Get a Clue(6)

By: Jill Shalvis







“Don’t panic, don’t panic,” Breanne whispered to herself. She’d flown down the stairs and across the hardwood floor at the base of the curved staircase, thankful for the lighting, stingy as it was, because she wasn’t happy in the dark. That went back to the days of too many brothers, and too many times they’d happily tortured her. Once she’d even been locked in a closet and left there by accident.

But she was a grown-up now. “You’re tough,” she said out loud. “You’re impenetrable.” She wondered where Scary But Gorgeous Naked Guy was.

Coming after her.

At the thought, she tripped over her own two feet and went sprawling face-first across the shiny floor.

That’s when the lights went out.

Then, from up above somewhere, she heard footsteps.

For years her brother Danny had been telling her she needed an exercise regime, some sort of weight training to give some tone to her body, and she’d always shuddered at the thought because she and exercise mixed like oil and water.

Now she wished she’d paid attention. Kickboxing, taebo, karate . . . Hell, anything aggressive would have been nice.

In the complete dark, she pushed herself up off the floor, breathing like a lunatic, probably looking like a deer caught in the headlights. Only there were no headlights, nothing but an inky blackness that had her stomach falling to her toes.

No groom.

No electricity.

Stuck in a house with a naked guy.

Screwed.

She was a self-proclaimed city girl, she reminded herself. Feisty and independent, not easily cowed or intimidated. Give her a scary downtown alley with a drunk leaning against the wall, or an obnoxious construction worker blocking her path any day. Anything but the big, open, scary, dark space where the unknown waited just out of sight. Bears, spiders, coyotes . . .

Oh, and a gorgeous naked guy with a low, sexy voice in her shower.

Maybe people found gorgeous naked men in their showers all the time out here. Maybe it was a way to greet the newcomers. Maybe . . . maybe she was delusional because her day had gone so badly.

She slipped her hand in her pocket and gripped the comforting weight of her cell phone. Normally she’d have mace there as well, but who’d have thought she’d be needing any on her faux honeymoon?

Pulling out the phone, the digital display lit up, providing a tiny, welcome bit of light. No bars, though, which meant no reception. She actually shook the thing, as if that would help. She’d heard about this, of course, and she’d seen the “Can you hear me now?” commercials, but having grown up in a city where people walked around with their cell phones permanently attached to their ears, where there were no mysterious pockets of low reception, she’d never had this problem.

Hell of a day to experience it now.

She should never have gotten out of bed, should never have donned that lacy white wedding dress she’d loved, never gone to the church to marry a man simply because it had seemed like a fun, exciting thing to do, and because her mother had suggested this was her last chance to get it right.

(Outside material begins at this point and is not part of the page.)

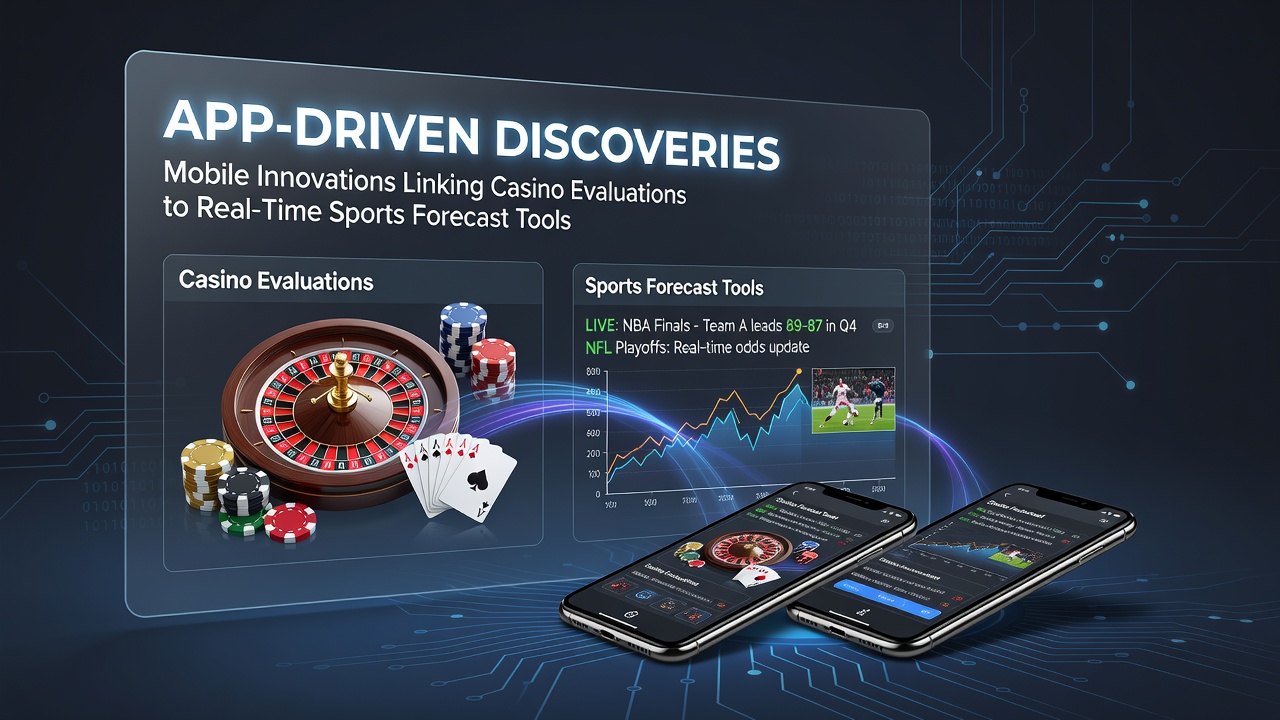 Mobile app interface showing integrated casino reviews and live sports prediction dashboards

And she sure as hell wished she would stop falling for “I love you” when what a guy really meant was “Do me, and also my laundry, while you’re at it.”

She shivered again. Or maybe that was still. Her clothes, still wet and extremely cold against her skin, had stuck to her, probably steaming because despite her bone-deep chill, she’d also begun to sweat in sheer terror.

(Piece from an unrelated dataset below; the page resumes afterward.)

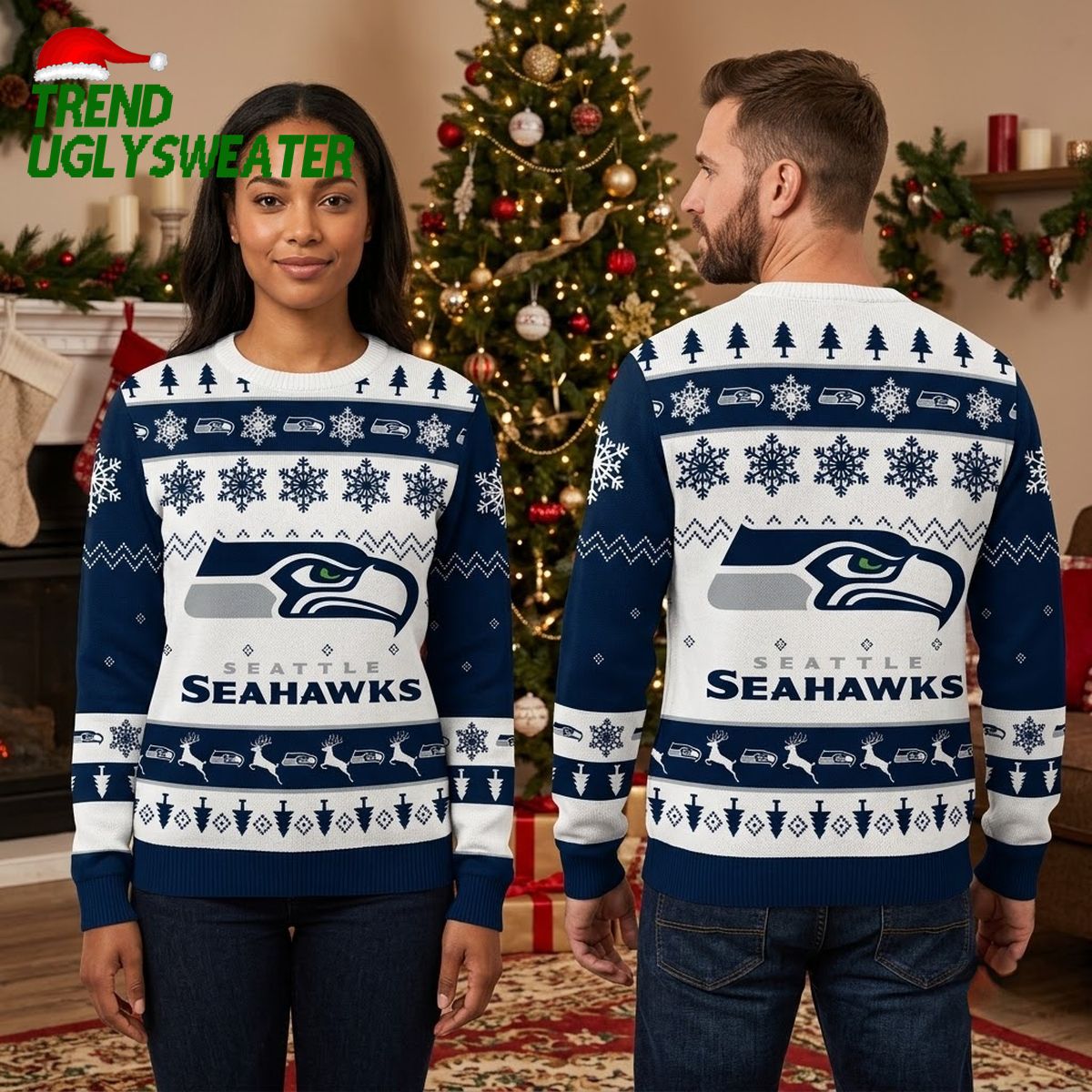Seattle Seahawks Logo Snowflakes And Christmas Trees Ugly Christmas Sweater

And then she heard it, a sound from behind her in the dark.

Just a slight scrape on the floor, which could have been a rat, a mere creak in the wood, or . . .

A footstep.

Oh, God.

Ballsy or not, this experience was quickly growing beyond her. She stumbled forward and fell into the front door. Grasping the handle, she wrenched it open.

Icy wind and snow greeted her, blasting her in the face, sliding down her collar. To add insult to injury, the horizon was pure black—no city lights, no stars, nothing but a velvety darkness. Still, propelled by fear, she took a step forward.

And sank up to her thigh.

Once when she’d been little, her grandma had given her one of those snow globes of San Francisco. Shake it up and it snowed down over the city.

In fact, it did snow in the city. Once in a blue moon. During those times the wind would slip in from the shore, chopping and dicing at any exposed skin. But in those rare events she simply stayed indoors. There was lots to do inside: hang out with friends, seduce a boyfriend, drink something warm . . .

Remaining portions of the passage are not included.